Trevor Gebhart is the son of a South Dakota State student-athlete. His father Everett ran track and field for the Jackrabbits in the 1980s, and still holds the Jacks record for the 600m indoor run. Everett is also part of the record holding 4x800 meter relay team along with his twin brother Ervin. Trevor grew up going to football games at Coughlin Alumni Stadium and watching hoops at Frost Arena. That kind of upbringing could have led Trevor to the Jacks. It didn't.
"I grew up in that environment, but it never had a connection to me. I just did it because that's whay I was brought up with. I think that's why North Dakota State means so much to me, because the first time I went there it was a deeper connection with the community, the guys that I played with, the coaches and everyone involved with the program." explained Gebhart.
Trevor Gebhart was a very good track athlete in his own right. He owns Washington High School's (Sioux Falls) record in the 200m dash. "That's kinda how I first got involved in football, because I knew I was fast." he explained. His speed and athleticism brought him his first recruiting information from the University of Iowa.
Gebhart received recruiting letters from Iowa throughout his high school career, but they were always typed correspondence that were more than likely going to prospects all over the country. It was his first hand written letter, which came from the former wide receivers coach Terrance Samuel at North Dakota State that caught his attention. "He wrote me a letter, and he set a really solid impression in my mind. In the letter he said I just want to introduce myself as your next wide receivers coach."
The Thundering Herd would take on South Dakota State 6 times during Gebhart's 4 year career.
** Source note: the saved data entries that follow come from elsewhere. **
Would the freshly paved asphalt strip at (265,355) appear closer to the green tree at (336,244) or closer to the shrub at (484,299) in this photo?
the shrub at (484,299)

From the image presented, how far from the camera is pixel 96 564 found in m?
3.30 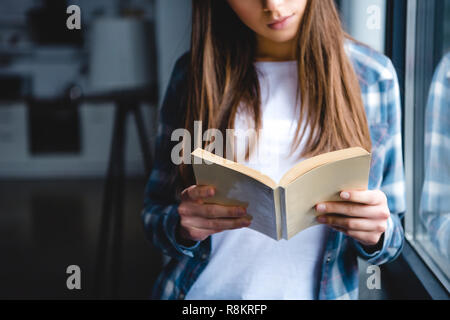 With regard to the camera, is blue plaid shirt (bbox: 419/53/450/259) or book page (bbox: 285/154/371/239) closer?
book page (bbox: 285/154/371/239)

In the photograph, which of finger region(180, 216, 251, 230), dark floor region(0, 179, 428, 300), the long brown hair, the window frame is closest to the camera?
finger region(180, 216, 251, 230)

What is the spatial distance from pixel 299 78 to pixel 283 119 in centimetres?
7

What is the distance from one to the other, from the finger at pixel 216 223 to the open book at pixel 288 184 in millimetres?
25

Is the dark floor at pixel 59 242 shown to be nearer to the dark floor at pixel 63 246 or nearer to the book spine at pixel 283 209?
the dark floor at pixel 63 246

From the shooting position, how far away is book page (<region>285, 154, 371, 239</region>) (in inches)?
21.2

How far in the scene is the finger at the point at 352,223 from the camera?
2.05 feet

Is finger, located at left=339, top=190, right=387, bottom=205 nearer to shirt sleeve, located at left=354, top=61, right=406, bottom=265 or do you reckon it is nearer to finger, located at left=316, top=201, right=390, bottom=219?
finger, located at left=316, top=201, right=390, bottom=219

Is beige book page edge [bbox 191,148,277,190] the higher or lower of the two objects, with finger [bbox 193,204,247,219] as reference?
higher

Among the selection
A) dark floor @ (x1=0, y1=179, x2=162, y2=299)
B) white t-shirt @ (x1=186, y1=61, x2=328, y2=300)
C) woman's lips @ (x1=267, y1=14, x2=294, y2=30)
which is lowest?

The Dakota Marker game was played every season, and the two schools met in the FCS playoffs twice. North Dakota State won all six contests. North Dakota State did a lot of winning during Gebhart's career, compiling a 58-3 record and winning 4 FCS championships. When I asked what the most important regular season game was, the answer came up blue and gold.
"When you're in it, when you're playing, every game's serious because you want to win every game. When we played SDSU my blood would be boiling at a different level. It was inf ront of so much family, and so many friends. The majority of the people within the stadium would have some sort of connection with me." said Gebhart.
Leaving South Dakota to play ball in college meant competing against friends at the next level. Gebhart played on the same traveling basketball team as former South Dakota State QB Austin Sumner and and Jacks power forward Cody Larson. The rivalry stayed friendly and Gebhart was able to stay in touch: "I've known (Sumner) since I was 10 years old. We're all friends, we talk. We would never really poke much fun at each other, when Austin broke his foot I sent him a text."
The final game against the Jacks was the most memorable for Bison fans. It was the most memorable for Gebhart, too. Carson Wentz and the offense took over down 4 with just over 3 minutes left. "I remember looking up at the scoreboard thinking...If we don't make this happen now, it's over. Football's over." Wentz would find true freshman RJ Urzendowski in the back left corner of the end zone with a minute left. Another freshman, Tre Dempsey secured a Sumner interception on the next play from scrimmage and the Thundering Herd marched on to the semifinals.
Trevor Gebhart has since graduated and moved back to South Dakota. Working a normal job for Pepsi is actually a big step back in responsibility. NDSU football players have legendary strength coach Jim Kramer to deal with, their entire days were scheduled. "Now when you're working, you've got your job...and then it's basically whatever else you want to do." explained Gebhart. "What you don't have is the comraderie with the 90 other guys, and I really enjoyed that." The transition from player to fan is difficult for most student-athletes, but Gebhart has to do it in South Dakota, deep in enemy territory.
"You get heckled a lot more than you do in Fargo. In Fargo you get all the support in the world. Here there are a lot of USD and SDSU supporters that want to see the mighty Bison fall. I always tell em': you never understimate the mighty Bison."
After speaking with Trevor, I was reminded of the respect that exists in the NDSU-SDSU rivalry. There might be more distaste in the rivalry with UND and closer games (and probably more distaste) in the rivalry with Northern Iowa but the Dakota Marker game is special. The rivalry is special. Bison fans and Jacks fans don't forget that they jumped into the deep end of the Divison I pool together. As for Gebhart, he hasn't stopped being a part of the Bison family. He and his family will be hopping on a bus with the Kuhnert family (NDSU's starting center, another Washington High product) and rolling with the rest of the Herd to Brookings on Saturday afternoon.